Parallel training #133

yorickbrunet · 2023-11-24T15:07:10Z

Types of changes

Bug fix (non-breaking change which fixes an issue)
[] New feature (non-breaking change which adds functionality)
Breaking change (fix or feature that would cause existing functionality to change)

Description
This work introduces the parallelisation of giotto-deep on multiple GPUs via two methods: pytorch's FSDP and pipeline tools.

The version of pytorch is increased to 1.13.1 to support the necessary features of FSDP.

To allow the parallelisation to be efficiently run, a new sampler GiottoSampler is defined that combines DistributedSampler and SubsetRandomSampler.

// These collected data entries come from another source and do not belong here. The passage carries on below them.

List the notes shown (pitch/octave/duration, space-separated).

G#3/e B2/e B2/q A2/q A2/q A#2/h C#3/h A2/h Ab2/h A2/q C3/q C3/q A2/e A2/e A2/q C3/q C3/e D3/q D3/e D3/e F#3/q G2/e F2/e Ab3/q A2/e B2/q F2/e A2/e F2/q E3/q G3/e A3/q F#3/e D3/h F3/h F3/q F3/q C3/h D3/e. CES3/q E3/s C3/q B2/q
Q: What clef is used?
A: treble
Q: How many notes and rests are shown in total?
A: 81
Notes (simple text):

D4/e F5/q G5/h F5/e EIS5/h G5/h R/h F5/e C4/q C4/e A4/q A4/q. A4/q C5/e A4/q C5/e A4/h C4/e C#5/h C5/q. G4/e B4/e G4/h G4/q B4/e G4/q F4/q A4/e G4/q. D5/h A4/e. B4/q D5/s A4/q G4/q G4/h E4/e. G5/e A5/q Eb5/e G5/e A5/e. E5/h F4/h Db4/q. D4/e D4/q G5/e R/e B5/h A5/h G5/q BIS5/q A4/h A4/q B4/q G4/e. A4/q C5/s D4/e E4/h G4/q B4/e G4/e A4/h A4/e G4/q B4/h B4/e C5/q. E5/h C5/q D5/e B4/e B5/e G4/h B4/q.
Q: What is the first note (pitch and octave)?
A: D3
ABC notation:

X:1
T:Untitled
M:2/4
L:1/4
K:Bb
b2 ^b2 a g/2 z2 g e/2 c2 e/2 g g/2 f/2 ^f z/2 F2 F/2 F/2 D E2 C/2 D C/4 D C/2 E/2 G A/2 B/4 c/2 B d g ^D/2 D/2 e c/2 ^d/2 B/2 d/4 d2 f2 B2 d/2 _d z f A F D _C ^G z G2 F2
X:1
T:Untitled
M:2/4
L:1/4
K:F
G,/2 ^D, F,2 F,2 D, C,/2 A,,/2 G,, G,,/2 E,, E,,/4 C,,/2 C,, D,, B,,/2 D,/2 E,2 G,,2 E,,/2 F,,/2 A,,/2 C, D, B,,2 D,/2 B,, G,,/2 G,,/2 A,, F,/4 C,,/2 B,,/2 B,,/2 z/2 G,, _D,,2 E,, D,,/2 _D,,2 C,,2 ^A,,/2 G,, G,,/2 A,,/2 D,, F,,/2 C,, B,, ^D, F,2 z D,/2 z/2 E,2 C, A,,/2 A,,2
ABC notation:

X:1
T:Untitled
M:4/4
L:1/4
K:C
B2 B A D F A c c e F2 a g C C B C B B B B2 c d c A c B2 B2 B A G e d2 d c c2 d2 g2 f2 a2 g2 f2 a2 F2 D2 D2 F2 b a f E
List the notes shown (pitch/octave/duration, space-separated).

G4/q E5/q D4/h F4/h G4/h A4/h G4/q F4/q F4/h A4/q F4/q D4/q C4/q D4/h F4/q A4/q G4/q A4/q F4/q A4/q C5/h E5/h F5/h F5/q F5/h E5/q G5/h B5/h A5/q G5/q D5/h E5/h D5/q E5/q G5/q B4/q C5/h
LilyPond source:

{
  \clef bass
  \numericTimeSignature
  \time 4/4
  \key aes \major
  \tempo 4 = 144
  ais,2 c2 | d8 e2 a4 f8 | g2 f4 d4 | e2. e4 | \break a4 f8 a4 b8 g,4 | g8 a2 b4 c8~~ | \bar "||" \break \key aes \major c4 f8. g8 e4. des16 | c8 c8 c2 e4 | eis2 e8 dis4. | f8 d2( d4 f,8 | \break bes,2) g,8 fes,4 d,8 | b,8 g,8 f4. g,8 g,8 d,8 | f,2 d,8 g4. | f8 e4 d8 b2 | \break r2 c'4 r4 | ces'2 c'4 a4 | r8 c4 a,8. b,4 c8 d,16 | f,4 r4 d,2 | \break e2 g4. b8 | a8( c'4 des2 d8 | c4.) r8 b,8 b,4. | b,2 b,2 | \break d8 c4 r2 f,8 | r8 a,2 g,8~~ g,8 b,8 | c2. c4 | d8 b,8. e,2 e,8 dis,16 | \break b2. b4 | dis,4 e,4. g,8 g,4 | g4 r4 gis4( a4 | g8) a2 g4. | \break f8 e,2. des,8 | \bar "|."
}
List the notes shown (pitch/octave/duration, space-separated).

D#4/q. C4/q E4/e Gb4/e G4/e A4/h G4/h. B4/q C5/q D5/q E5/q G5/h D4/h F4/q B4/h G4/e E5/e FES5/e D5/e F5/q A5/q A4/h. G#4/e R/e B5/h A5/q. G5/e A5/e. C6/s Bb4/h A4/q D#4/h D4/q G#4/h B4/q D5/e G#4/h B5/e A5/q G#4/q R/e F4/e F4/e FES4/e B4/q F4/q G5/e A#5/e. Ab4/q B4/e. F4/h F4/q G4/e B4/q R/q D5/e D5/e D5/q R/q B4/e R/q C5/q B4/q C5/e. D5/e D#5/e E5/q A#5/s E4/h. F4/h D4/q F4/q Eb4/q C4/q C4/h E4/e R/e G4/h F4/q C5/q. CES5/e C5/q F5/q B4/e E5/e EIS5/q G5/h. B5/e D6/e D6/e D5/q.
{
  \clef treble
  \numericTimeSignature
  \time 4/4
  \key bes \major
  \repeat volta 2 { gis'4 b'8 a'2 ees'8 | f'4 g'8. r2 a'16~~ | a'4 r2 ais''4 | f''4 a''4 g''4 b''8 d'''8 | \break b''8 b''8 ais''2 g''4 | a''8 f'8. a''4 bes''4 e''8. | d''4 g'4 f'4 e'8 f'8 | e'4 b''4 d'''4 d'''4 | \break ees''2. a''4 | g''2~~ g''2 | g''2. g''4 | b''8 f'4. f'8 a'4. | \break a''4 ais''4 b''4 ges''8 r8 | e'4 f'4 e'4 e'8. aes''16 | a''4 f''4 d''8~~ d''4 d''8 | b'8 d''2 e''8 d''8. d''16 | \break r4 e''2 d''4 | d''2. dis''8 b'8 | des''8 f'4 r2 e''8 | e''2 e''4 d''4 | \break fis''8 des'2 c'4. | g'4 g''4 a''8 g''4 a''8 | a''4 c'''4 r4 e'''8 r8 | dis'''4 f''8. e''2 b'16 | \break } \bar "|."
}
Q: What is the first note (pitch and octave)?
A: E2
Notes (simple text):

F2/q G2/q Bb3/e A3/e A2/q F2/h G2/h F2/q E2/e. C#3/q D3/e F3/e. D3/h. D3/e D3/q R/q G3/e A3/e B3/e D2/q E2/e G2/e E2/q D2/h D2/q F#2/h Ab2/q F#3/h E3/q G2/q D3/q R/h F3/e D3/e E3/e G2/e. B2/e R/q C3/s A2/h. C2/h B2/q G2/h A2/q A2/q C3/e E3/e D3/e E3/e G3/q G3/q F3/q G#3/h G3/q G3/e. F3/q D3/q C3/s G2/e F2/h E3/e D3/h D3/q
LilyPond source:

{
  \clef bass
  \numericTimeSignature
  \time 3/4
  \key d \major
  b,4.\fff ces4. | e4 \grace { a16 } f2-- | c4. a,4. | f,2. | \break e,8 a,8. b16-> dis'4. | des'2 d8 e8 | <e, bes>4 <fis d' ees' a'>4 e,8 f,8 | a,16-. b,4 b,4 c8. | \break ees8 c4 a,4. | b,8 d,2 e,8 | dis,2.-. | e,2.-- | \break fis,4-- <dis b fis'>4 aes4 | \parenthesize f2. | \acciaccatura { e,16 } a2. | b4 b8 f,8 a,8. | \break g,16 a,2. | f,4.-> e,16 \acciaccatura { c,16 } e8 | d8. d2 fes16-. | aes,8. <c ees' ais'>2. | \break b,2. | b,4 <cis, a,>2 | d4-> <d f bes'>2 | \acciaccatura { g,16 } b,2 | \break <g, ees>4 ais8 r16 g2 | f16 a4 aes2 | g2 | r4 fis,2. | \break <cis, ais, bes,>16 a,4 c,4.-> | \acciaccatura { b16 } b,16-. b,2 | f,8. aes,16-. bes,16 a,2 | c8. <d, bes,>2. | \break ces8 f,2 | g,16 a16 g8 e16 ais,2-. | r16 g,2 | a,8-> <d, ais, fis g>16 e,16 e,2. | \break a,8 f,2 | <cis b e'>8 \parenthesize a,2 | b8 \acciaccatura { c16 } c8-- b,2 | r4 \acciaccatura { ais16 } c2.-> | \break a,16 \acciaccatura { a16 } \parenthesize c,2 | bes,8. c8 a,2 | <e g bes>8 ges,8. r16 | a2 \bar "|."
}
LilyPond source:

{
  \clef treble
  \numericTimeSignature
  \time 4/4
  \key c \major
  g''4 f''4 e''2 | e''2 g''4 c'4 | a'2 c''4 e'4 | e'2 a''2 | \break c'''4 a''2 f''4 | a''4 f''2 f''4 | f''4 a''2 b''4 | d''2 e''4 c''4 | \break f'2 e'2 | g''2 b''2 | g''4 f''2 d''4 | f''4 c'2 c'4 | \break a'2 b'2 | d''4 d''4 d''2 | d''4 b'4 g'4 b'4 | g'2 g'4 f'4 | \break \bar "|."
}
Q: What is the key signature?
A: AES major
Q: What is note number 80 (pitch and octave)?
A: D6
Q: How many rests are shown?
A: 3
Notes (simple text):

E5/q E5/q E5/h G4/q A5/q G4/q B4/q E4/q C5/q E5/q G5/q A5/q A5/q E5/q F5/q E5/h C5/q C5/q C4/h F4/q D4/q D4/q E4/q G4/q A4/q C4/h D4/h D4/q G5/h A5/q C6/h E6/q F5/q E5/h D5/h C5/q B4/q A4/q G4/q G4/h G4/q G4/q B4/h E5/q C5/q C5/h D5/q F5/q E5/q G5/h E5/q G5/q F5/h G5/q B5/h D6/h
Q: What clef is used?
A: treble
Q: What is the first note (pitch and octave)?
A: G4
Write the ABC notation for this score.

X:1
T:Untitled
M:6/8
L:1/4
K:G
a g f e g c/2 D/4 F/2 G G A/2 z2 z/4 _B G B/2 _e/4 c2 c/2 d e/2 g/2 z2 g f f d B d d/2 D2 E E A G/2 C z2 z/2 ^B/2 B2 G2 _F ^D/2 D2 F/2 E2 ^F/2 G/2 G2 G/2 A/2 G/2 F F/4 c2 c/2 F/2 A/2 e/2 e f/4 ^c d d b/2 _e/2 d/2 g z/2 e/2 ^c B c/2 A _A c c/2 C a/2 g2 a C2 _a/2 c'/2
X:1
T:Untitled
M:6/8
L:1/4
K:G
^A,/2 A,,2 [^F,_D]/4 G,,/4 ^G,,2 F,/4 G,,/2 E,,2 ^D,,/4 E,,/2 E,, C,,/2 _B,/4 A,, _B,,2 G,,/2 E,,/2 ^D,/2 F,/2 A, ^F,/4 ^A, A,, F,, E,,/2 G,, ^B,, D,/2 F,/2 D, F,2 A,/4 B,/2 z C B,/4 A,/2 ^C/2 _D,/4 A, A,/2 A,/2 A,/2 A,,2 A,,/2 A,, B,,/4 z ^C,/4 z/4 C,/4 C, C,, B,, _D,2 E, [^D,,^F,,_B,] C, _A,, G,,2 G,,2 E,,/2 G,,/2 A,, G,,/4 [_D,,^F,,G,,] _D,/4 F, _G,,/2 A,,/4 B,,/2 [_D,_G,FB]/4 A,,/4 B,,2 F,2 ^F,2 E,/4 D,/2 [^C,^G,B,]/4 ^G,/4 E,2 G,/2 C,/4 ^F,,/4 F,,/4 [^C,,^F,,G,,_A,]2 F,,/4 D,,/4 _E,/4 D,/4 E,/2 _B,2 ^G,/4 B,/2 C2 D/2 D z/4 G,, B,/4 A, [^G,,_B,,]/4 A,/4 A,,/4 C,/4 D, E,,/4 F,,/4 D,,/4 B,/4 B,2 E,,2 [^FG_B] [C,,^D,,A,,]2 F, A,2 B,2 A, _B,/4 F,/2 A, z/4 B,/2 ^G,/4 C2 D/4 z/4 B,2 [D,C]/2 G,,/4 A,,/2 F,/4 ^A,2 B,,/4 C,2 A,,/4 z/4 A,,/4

A benchmark tool allows running a model with different batch sizes on different GPUs and number of GPUs to compare the parallelised and not-parallelised runs. A generator of Kubernetes pods takes some GKE details as input and outputs the pod configurations, allowing a user to build its own configurations for its own cluster.

Any other comments?

Checklist

I have read the guidelines for contributing.
My code follows the code style of this project. I used flake8 to check my Python changes.
My change requires a change to the documentation.
I have updated the documentation accordingly.
I have added tests to cover my changes.
All new and existing tests passed. I used pytest to check this on Python tests.

matteocao

OK for me! As long as the CI passes.

matteocao · 2023-12-13T19:37:48Z

@raphaelreinauer I see that @yorickbrunet answered to all your comments. Are you satisfied or is there anything else you would like to discuss?
If there is nothing more, I'll merge the PR.

raphaelreinauer · 2023-12-13T19:48:42Z

@matteocao thanks for checking in and thanks @yorickbrunet for your answers so far.

However, there's one key aspect that still needs attention - the PR description:

Hi @yorickbrunet, thank you so much for your hard work on this! 😊 I noticed the PR has a lot of file changes - 52, in fact! To help me, could you please add a description to the PR? A bit of context makes the review process much easier for me.

@yorickbrunet Could you please add a detailed description of all the features you added, then I can do a detailed PR review.

gdeep/models/extractor.py

Co-authored-by: raphaelreinauer <reinauerr@googlemail.com>

yorickbrunet · 2024-01-09T15:26:45Z

@raphaelreinauer we answered or fixed all comments. Can you have another look, close the issues that can be closed, and maybe approve the PR? Thanks

raphaelreinauer · 2024-01-09T19:50:38Z

Hi @yorickbrunet, thank you so much for your hard work on this! 😊 I noticed the PR has a lot of file changes - 52, in fact! To help me, could you please add a description to the PR? A bit of context makes the review process much easier for me.

Hi @yorickbrunet, could you please provide a detailed description of the features added in this PR to aid my review process? Thanks

yorickbrunet · 2024-01-10T08:07:19Z

Hi @yorickbrunet, thank you so much for your hard work on this! 😊 I noticed the PR has a lot of file changes - 52, in fact! To help me, could you please add a description to the PR? A bit of context makes the review process much easier for me.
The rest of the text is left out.